Он подошел к железнодорожной станции и сел в электричку, идущую в Москву. Конечно, лучше ехать не в Москву, а в противоположную сторону от места, где много милиции, так всегда поступали умные преступники из фильмов, в которых он снимался. Если сейчас его задержат, то завтра выйдут газеты с заголовками «Кинобандит — настоящий грабитель!».

Он увидел милиционеров, когда электричка уже тронулась. И милиционеры увидели его, как только вошли в вагон. И тут же замедлили движение. Может быть, они не успели обсудить, как будут брать преступника, и пошли медленнее, чем обычно, чтобы не спугнуть его.

У него еще оставалась надежда, что это обычный патруль и милиционерам не успели передать его приметы. Но милиционеры так старались не смотреть в его сторону, что он понял: и сообщили, и передали приметы. По тому, как побледнел молодой милиционер, он понял: еще неопытный, ему страшно идти на нож, и он успокоится только после того, как достанет пистолет.

Машинист включил магнитофон, и записанный на пленку голос объявил:

— Левобережная!

Он знал, что на этой станции сразу от платформы начинается лесопарк, и пошел к выходу. Милиционеры пошли за ним. Они, вероятно, решили брать его в тамбуре или на перроне.

«Думай! — сказал он тогда себе. — Ты опытный. Ты столько раз уходил от преследований в кино. Представь, что это нормальная киносъемка».

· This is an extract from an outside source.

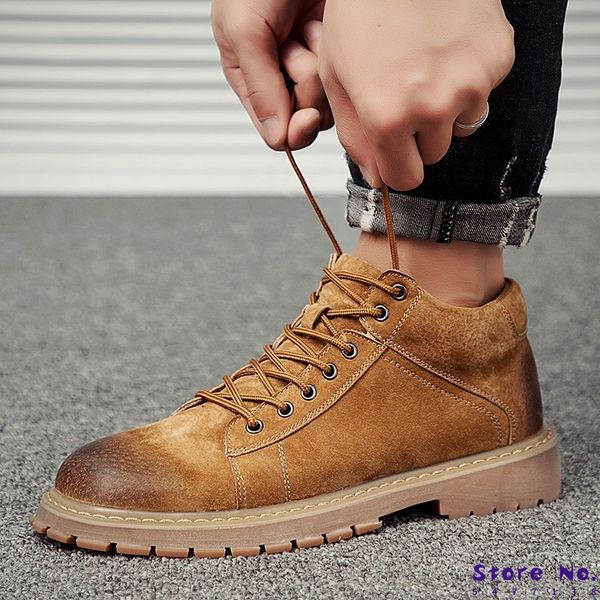 

2020 men boots autumn winter ankle boots fashion footwear genuine leather lace up big size men casual shoes, Black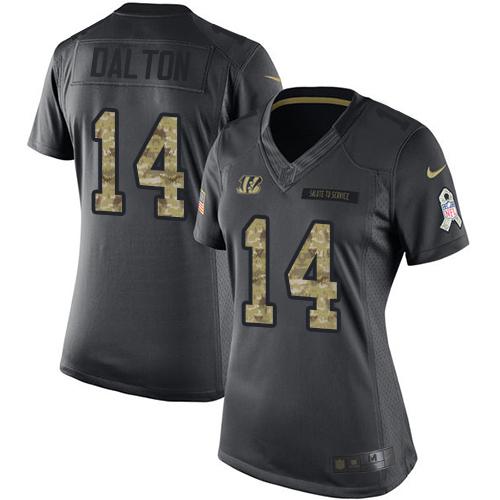 Nike Bengals #14 Andy Dalton Black Women's Stitched NFL Limited 2016 Salute to Service Jersey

Конечно, лучше бы киносъемка проходила летом, сразу можно было бы скрыться в кустарнике. Сейчас листва опала и лесопарк просматривается далеко. Это преимущество милиционеров. Его преимущество в легкой пуховой куртке и кроссовках. В сапогах и шинелях, перетянутых ремнями, милиционеры выдохнутся через несколько минут и не смогут стрелять прицельно.

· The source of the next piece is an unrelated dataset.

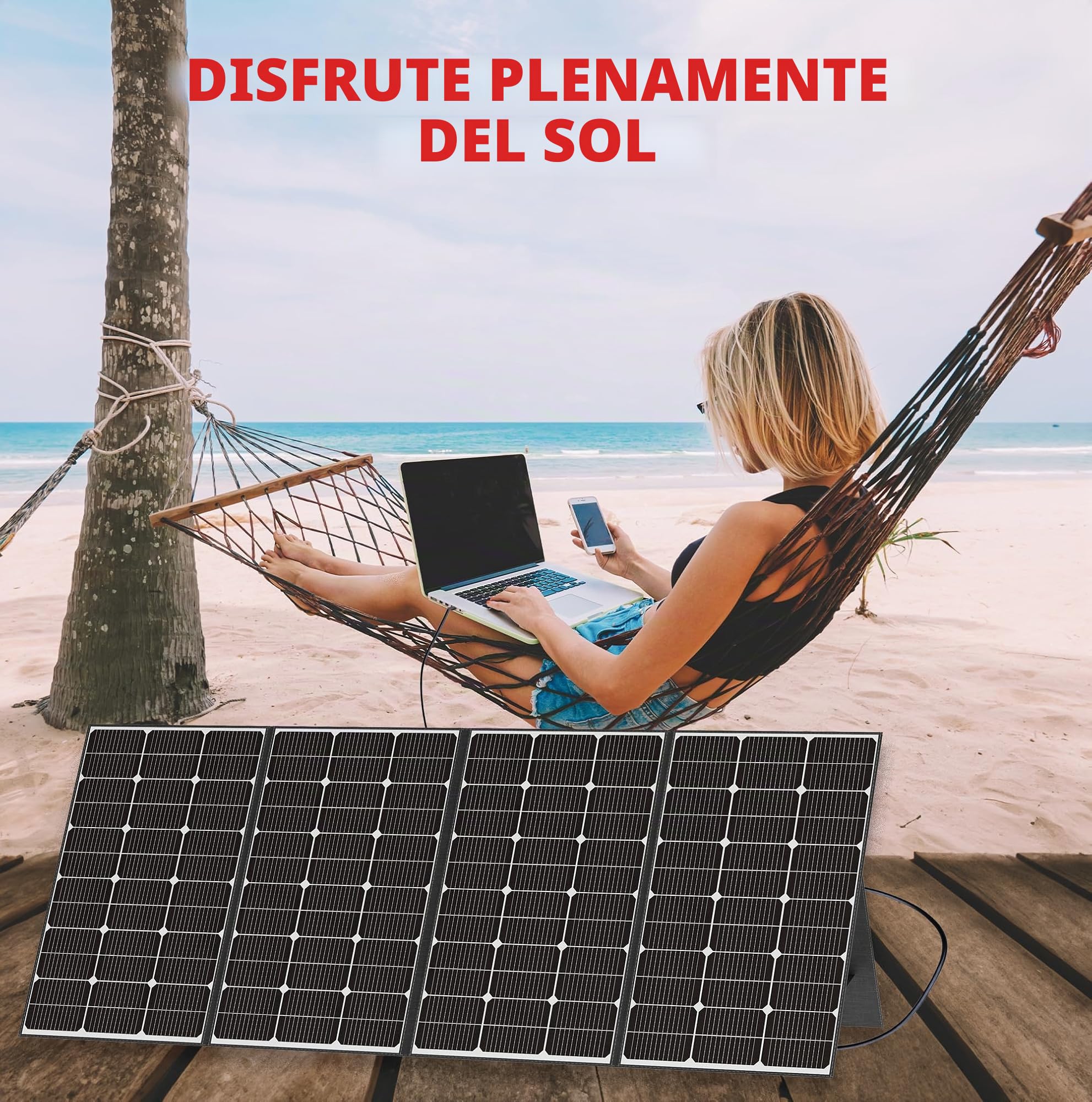 Wonder Full Power – Panel solar portátil 400 W para planta eléctrica – Cargador solar plegable – Grado de impermeabilidad IP65 para exteriores y acampadas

Он остановился у двери в тамбур, и милиционеры остановились тоже. Он побежал, как только распахнулись двери вагона. Слыша грохот сапог за спиною, он перемахнул ограждения, и побежал лесопарком. Он бежал, а милиционеры не стреляли. Они пытались его догнать. Стрельба — это всегда потраченные патроны, за которые надо отчитываться: почему стреляли, почему не попали?

Он оглянулся. Милиционеры уже отставали метров на сто. А чтобы стрелять прицельно на сто метров, надо быть мастером спорта по стрельбе и стрелять не из серийного пистолета Макарова и не после гонки в полной форме. Он уже решил, что милиционеры не будут стрелять, но стрельба все-таки началась. Обозленные милиционеры не жалели патронов. Он насчитал шесть выстрелов и подумал, что выстрелы услышат с дороги и теперь не каждый водитель остановится. Лучше проехать мимо, потому что голосующий может быть или преступником, или милиционером, который заставит кого-то догонять.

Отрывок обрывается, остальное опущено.